- Origin: Surry Hills, New South Wales, Australia
- Genres: Indie rock
- Years active: 1999–present
- Label: Independent
- Members: Brett Winterford Mat Smith Felix Akurangi Mark Holbert
- Website: http://www.peregrine-music.com

= Peregrine (band) =

Peregrine are an Australian indie rock band formed in Sydney in 1999.

==Early career==

Peregrine began as the vehicle for the performance of songs written by Brett Winterford, who after several early line-up changes settled on drummer Mathew Smith and bassist Dane Higgins (both joining in 1999), and guitarist Felix Akurangi (joining in 2000). Mark Holbert replaced Higgins on bass and Dave Stabback joined later in the band's career.

Winning a local band competition in Sydney's beachside suburb of Manly within their first few gigs, the band established a residency at the Excelsior of Glebe. This residency ran for two years. At the time, the band was described in street-press magazine Revolver as "Sydney's best kept secret".
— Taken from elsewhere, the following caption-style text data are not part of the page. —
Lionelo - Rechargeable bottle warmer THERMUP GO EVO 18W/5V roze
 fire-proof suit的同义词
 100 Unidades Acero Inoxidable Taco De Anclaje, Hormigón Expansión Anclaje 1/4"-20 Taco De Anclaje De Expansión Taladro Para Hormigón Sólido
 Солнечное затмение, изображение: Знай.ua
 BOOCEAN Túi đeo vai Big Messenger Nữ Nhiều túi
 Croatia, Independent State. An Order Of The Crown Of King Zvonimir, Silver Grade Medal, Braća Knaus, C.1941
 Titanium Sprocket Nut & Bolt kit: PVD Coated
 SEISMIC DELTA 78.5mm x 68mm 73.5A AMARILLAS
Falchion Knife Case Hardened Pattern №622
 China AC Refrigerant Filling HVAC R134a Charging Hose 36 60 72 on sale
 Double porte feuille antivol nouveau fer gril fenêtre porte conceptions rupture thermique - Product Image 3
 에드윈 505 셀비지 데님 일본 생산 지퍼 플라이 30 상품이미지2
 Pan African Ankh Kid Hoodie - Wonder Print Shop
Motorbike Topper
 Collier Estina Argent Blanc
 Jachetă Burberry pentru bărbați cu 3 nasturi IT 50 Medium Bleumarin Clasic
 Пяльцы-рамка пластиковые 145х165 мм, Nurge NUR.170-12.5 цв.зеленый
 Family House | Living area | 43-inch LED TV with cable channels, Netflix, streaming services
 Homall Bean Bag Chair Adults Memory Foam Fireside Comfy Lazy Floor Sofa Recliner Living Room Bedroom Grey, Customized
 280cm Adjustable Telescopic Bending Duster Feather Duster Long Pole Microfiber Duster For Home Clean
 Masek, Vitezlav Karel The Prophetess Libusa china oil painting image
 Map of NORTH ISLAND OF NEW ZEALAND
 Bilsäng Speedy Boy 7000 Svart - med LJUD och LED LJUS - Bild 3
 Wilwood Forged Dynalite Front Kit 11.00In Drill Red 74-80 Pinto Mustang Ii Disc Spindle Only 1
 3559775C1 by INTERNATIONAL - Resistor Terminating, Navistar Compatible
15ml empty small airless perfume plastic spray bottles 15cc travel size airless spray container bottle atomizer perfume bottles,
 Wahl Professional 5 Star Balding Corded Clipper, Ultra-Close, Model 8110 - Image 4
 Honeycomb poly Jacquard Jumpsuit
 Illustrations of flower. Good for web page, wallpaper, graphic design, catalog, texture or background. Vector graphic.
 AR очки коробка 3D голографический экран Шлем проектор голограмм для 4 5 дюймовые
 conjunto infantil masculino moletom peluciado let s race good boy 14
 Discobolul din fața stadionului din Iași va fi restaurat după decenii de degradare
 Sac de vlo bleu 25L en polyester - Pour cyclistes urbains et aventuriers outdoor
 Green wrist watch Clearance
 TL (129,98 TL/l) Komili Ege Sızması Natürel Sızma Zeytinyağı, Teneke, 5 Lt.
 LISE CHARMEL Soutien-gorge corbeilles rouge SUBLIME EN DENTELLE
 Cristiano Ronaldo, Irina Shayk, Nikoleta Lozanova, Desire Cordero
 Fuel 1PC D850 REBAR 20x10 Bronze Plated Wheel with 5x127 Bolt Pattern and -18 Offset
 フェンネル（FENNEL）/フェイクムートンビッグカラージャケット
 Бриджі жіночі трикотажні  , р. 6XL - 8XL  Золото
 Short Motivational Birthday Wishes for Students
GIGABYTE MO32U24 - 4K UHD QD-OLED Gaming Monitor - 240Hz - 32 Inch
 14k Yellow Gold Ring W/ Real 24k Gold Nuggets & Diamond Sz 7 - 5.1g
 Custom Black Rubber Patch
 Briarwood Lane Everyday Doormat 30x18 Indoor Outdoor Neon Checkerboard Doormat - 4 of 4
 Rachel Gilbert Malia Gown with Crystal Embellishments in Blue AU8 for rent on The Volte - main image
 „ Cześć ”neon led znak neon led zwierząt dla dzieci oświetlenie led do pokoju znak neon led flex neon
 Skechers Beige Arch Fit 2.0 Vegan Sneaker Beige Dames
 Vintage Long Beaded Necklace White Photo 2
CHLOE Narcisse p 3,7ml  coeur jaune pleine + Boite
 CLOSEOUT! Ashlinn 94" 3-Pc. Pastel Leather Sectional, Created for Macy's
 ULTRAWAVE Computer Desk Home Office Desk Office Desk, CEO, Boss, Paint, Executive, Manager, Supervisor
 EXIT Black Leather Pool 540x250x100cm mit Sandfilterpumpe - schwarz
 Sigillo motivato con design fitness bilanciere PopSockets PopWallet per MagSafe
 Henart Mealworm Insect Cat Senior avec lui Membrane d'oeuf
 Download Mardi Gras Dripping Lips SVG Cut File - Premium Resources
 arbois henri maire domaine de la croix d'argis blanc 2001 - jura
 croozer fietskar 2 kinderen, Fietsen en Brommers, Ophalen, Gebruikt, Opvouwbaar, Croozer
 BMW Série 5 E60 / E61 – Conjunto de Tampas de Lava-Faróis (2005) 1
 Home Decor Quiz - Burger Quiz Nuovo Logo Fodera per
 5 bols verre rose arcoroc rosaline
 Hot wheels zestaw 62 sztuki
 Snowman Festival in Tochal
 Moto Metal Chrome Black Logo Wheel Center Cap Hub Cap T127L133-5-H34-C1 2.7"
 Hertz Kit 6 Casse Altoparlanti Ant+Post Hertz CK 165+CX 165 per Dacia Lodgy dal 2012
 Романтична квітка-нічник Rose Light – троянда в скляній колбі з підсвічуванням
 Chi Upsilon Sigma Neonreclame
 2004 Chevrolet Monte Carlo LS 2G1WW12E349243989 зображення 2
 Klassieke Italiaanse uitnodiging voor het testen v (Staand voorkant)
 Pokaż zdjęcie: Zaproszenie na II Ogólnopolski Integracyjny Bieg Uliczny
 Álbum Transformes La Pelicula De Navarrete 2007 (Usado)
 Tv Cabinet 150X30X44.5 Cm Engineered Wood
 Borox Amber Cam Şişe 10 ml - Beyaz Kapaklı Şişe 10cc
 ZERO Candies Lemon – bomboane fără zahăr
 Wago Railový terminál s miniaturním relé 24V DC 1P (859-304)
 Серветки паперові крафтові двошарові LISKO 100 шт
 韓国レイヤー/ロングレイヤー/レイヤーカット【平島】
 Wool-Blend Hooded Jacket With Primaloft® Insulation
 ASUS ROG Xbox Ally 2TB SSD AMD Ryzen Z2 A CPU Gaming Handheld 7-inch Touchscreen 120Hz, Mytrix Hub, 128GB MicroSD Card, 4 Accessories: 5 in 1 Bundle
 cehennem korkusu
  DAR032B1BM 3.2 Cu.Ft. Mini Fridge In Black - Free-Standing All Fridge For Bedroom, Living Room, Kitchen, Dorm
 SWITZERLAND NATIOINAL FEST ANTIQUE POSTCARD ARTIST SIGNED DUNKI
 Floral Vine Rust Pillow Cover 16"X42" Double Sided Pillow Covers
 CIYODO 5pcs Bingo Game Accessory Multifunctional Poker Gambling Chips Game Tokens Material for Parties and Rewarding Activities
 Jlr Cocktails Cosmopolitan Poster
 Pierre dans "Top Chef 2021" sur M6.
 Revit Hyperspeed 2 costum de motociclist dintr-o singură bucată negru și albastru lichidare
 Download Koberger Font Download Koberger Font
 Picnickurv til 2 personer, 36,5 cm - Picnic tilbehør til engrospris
In 2003, the band booked itself into Big Jesus Burger Studios in Sydney's Surry Hills to record its first album, which was released under the title One Big Happy Heart Attack.
==One Big Happy Heart Attack==
Recorded by producer Chris Townend (Augie March, Darren Hanlon), Heart Attack was a selection of the tracks regularly performed at the Glebe residency.

Songs were tracked live onto two-inch tape, and featured many of the guests that had shared the Excelsior stage with the band - including fellow songwriters Paul Greene, Melanie Horsnell and Josh Schuberth back Winterford's vocals.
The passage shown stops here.